_Exercise aim_: Retype, exactly as they stand, the lines from the start of the data to the line that contains "vacancy-hc--november-2023.png", both ends included. Leave the pictures out.

_Material supplied_:
- Opening Delimiter -

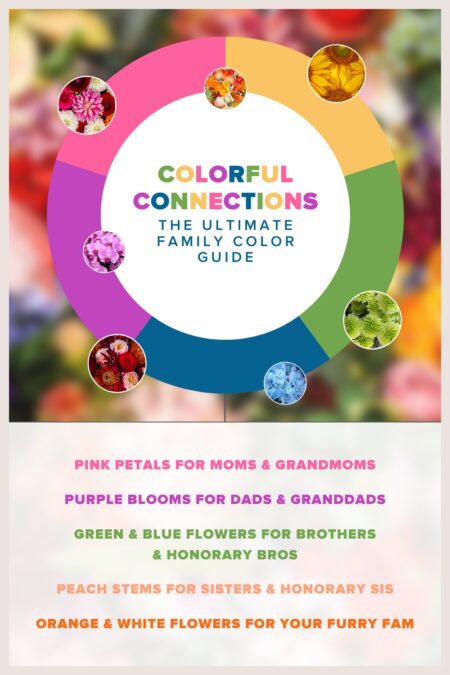 Flowers for Loved Ones: A Guide for Picking the Right Colors - Conklyn's Florist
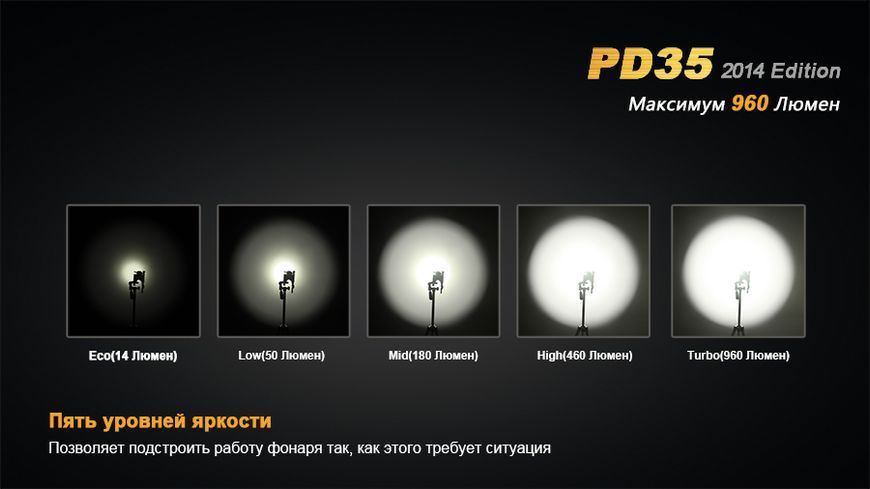 Ліхтар ручний Fenix PD35 XM-L2 U2 PD35XML2U2new фото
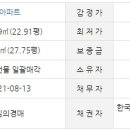 (주)온나라 이미지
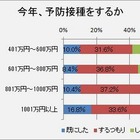 インフルエンザ予防接種しない54％ 画像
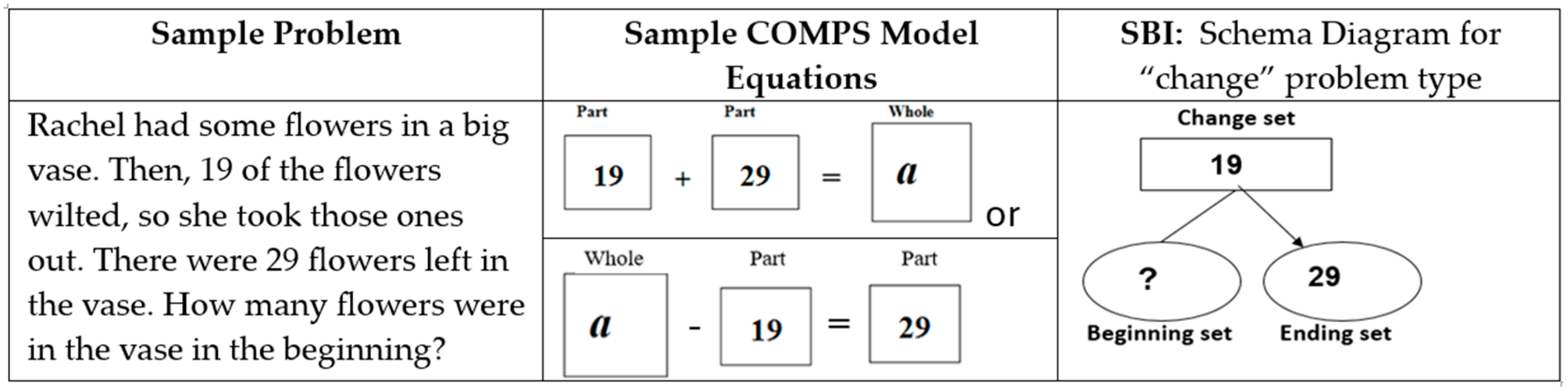 Education 15 01664 g001 Education 15 01664 g001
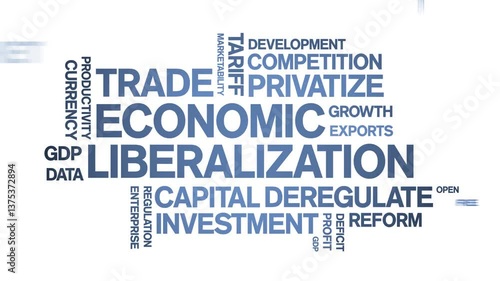 Economic Liberalization animated word cloud;text design animation tag kinetic typography seamless loop.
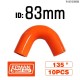 Dark Orange +$91.74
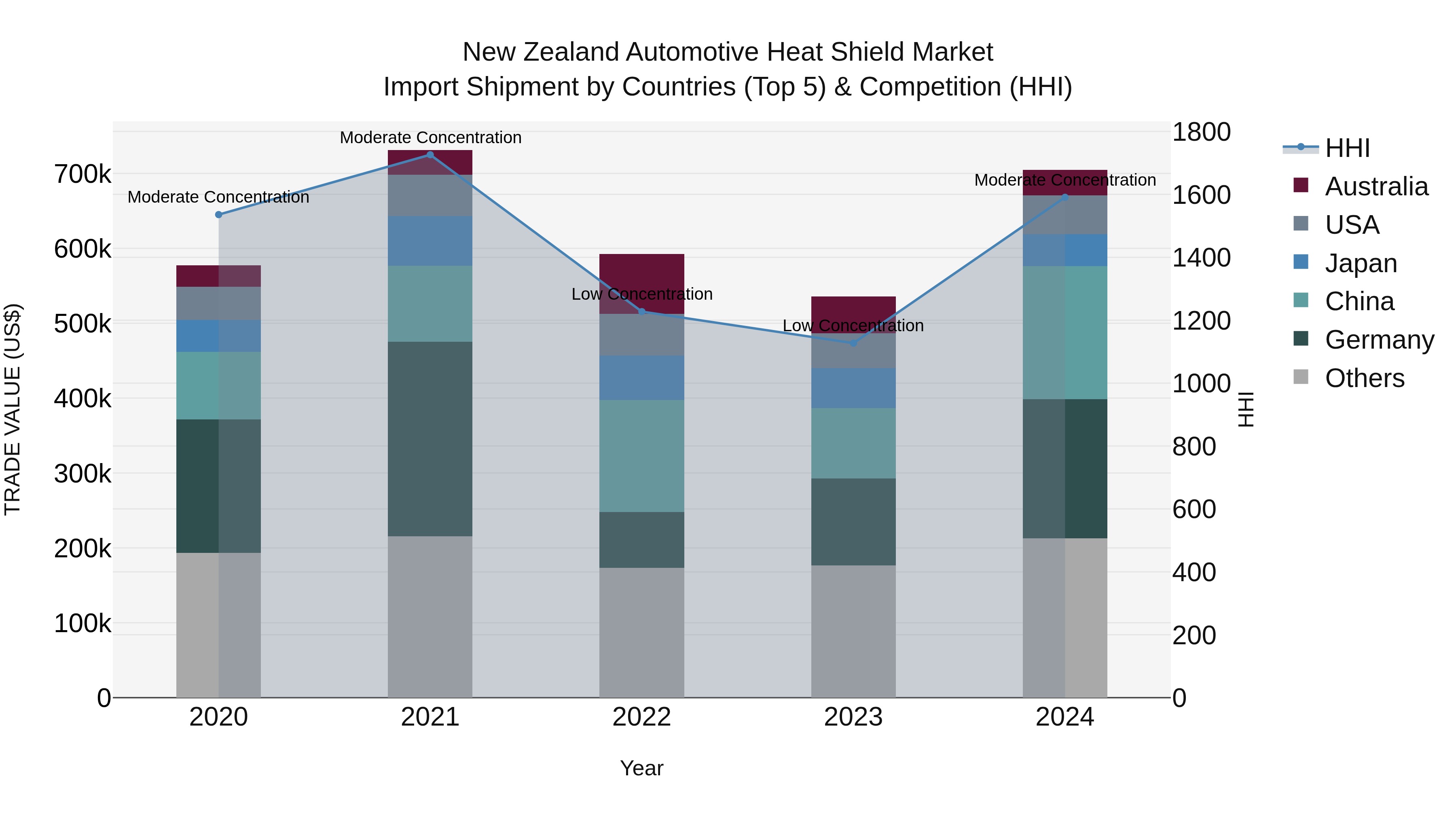 New Zealand Automotive Heat Shield Market Top 5 Importing Countries and Market Competition (HHI) Analysis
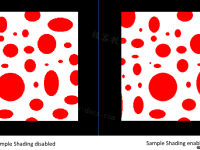 Vulkan 多重采样(Multisampling)|极客教程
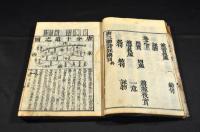 標正音註　三體詩　上巻・中巻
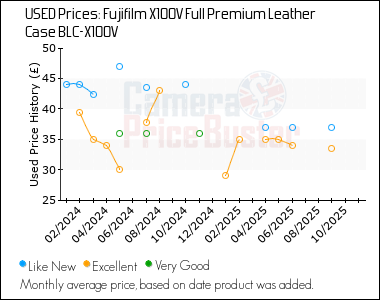 Best Price History for the Fujifilm X100V Full Premium Leather Case BLC-X100V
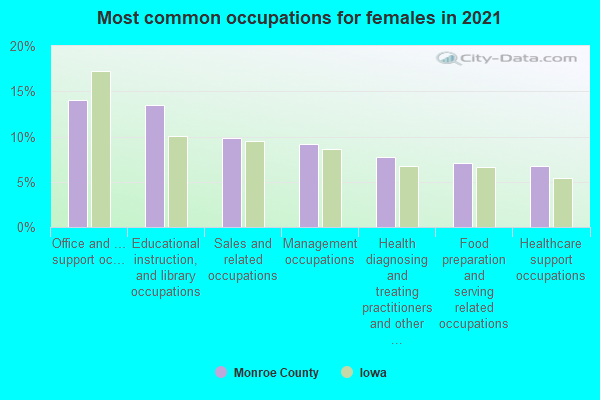 Most common occupations for females in 2022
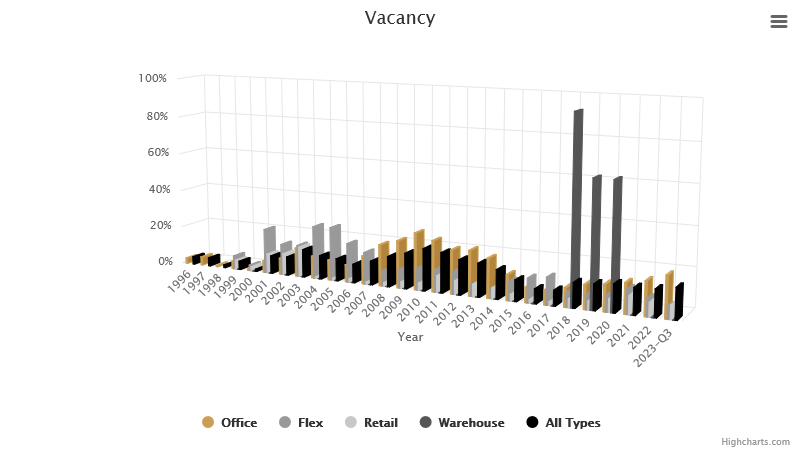 vacancy-hc--november-2023.png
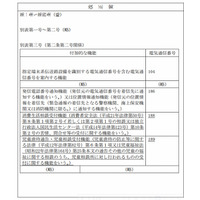 3桁の電話番号、消費生活相談「188」児童相談「189」新設へ 画像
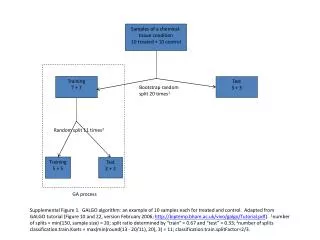 Samples of a chemical-tissue condition 10 treated + 10 control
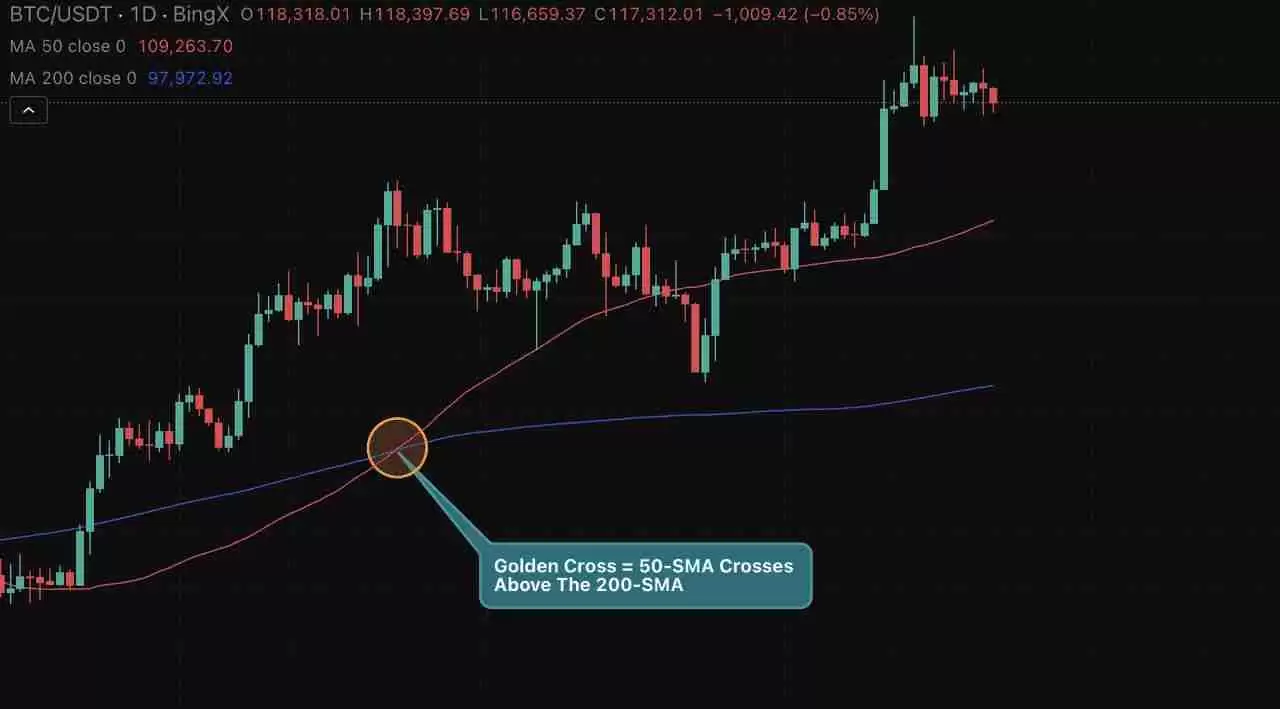 通过黄金交叉解析比特币走势图表，比特币会再创新高吗？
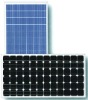 Solar panel RR-SP09F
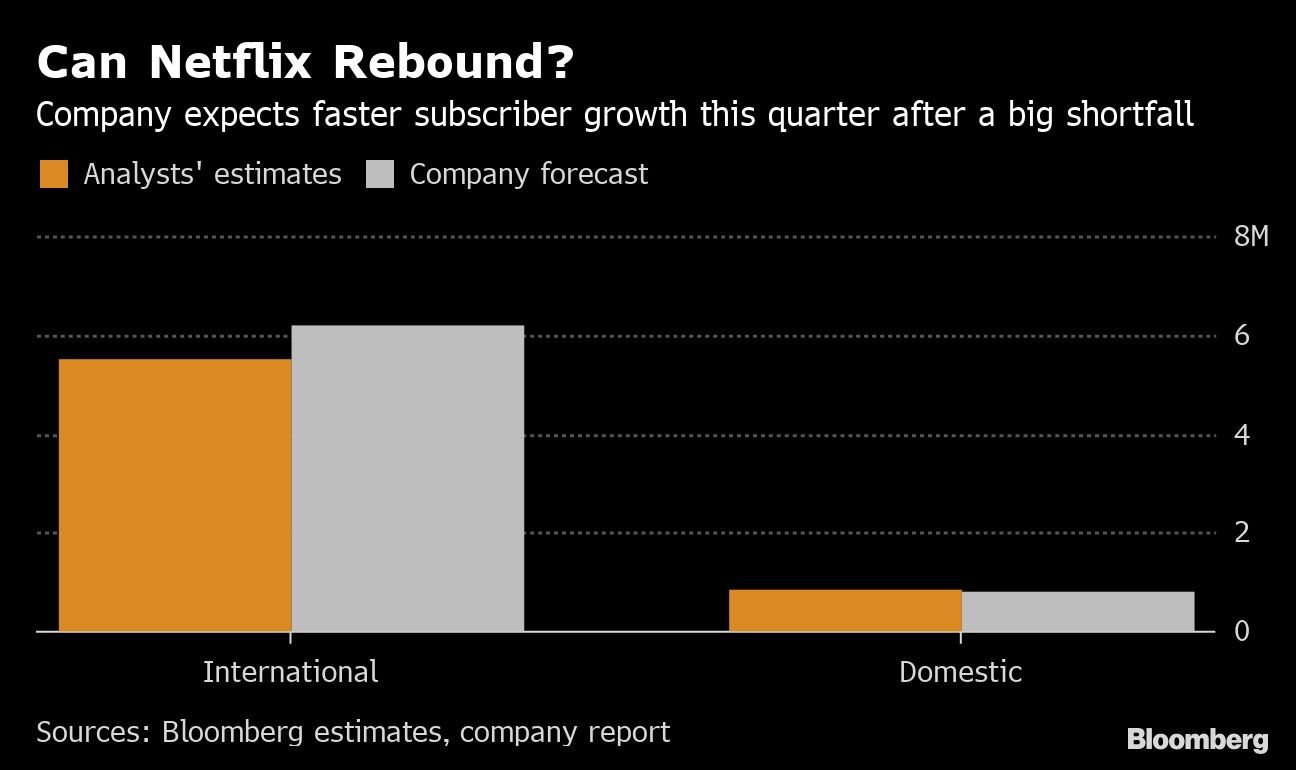 Can Netflix Rebound?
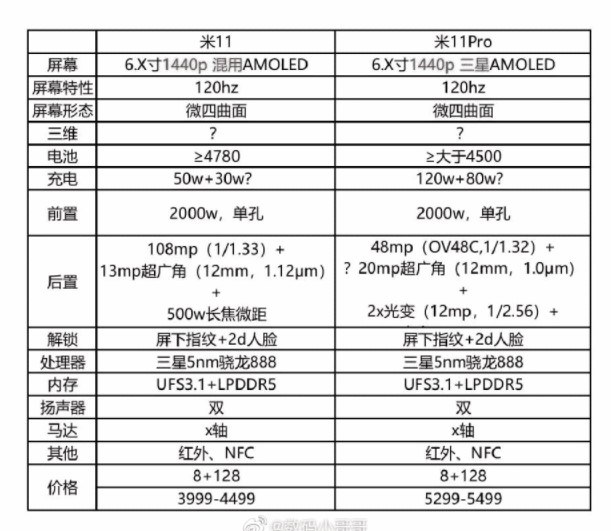 Характеристики, рендери, а також вартість нових Xiaomi Mi 11 і Xiaomi Mi 11 Pro  До офіційного релізу наступної лінійки флагманських смартфонів Xiaomi ще залишається якийсь час, але в Мережі кожен день накопичується все більше інформації про майбутні новинки. Що відомо до сьогоднішнього дня? Читайте в нашій статті.    У китайській соціальній мережі Weibo опублікували таблицю з докладними технічними характеристиками Mi 11 і Mi 11 Pro. Обидва смартфони отримають дисплеї з діагоналлю більше 6 дюймів з роздільною здатністю 1440p і підтримкою частоти відновлення 120 Гц. Залишилися і помітні заокруглення з боків дисплея і врізана селф-камера у верхньому лівому кутку.    Очікуване і не підлягає сумнівам: Mi 11 і Mi 11 Pro побудовані на базі апаратної платформи Qualcomm Snapdragon 888 5G з 8 Гб оперативної пам'яті типу LPDDR5 і 128 Гб постійної пам'яті типу UFS 3.1. Напевно, будуть представлені й інші конфігурації з більшим обсягом пам'яті.    Відмінності починаються в порівнянні камер. Для Xiaomi Mi 11 заявлений основний 1 / 1,33-дюймовий датчик на 108 Мп, доповнений модулем на 13 Мп (12 мм і розміром пікселя 1,12 мкм) і ще одним модулем на 5 Мп. З приводу Mi 11 Pro повідомляється про наявність 1 / 1,32-дюймового датчика OmniVision на 48 Мп, модулем на 20 Мп (12 мм і розміром пікселя 1 мкм) і двома модулями на 12 Мп. Фронтальна камера в обох випадках на 20 Мп.    За автономність Mi 11 відповідає акумулятор ємністю 4789 мАг з підтримкою швидкої зарядки потужністю 50 Вт і бездротової зарядки потужністю 30 Вт. У Mi 11 Pro ємність акумулятора становить 4500 мАг, а потужність дротової і бездротової зарядки становить 120 Вт і 80 Вт відповідно. Звичайно, смартфони отримають NFC-модуль для безконтактних платежів.  Очікувана вартість Xiaomi Mi 11 в базовій конфігурації коливається в межах 611-687 доларів (45 000-51 000 рублів). Для Xiaomi Mi 11 Pro це 810-840 доларів Kharakterystyky, rendery, a takozh vartistʹ novykh Xiaomi Mi 11 i Xiaomi Mi 11 Pro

- Closing Delimiter -

_Written response_:
 Flowers for Loved Ones: A Guide for Picking the Right Colors - Conklyn's Florist
 Ліхтар ручний Fenix PD35 XM-L2 U2 PD35XML2U2new фото
 (주)온나라 이미지
 インフルエンザ予防接種しない54％ 画像
 Education 15 01664 g001 Education 15 01664 g001
 Economic Liberalization animated word cloud;text design animation tag kinetic typography seamless loop.
 Dark Orange +$91.74
 New Zealand Automotive Heat Shield Market Top 5 Importing Countries and Market Competition (HHI) Analysis
 Vulkan 多重采样(Multisampling)|极客教程
 標正音註　三體詩　上巻・中巻
 Best Price History for the Fujifilm X100V Full Premium Leather Case BLC-X100V
 Most common occupations for females in 2022
 vacancy-hc--november-2023.png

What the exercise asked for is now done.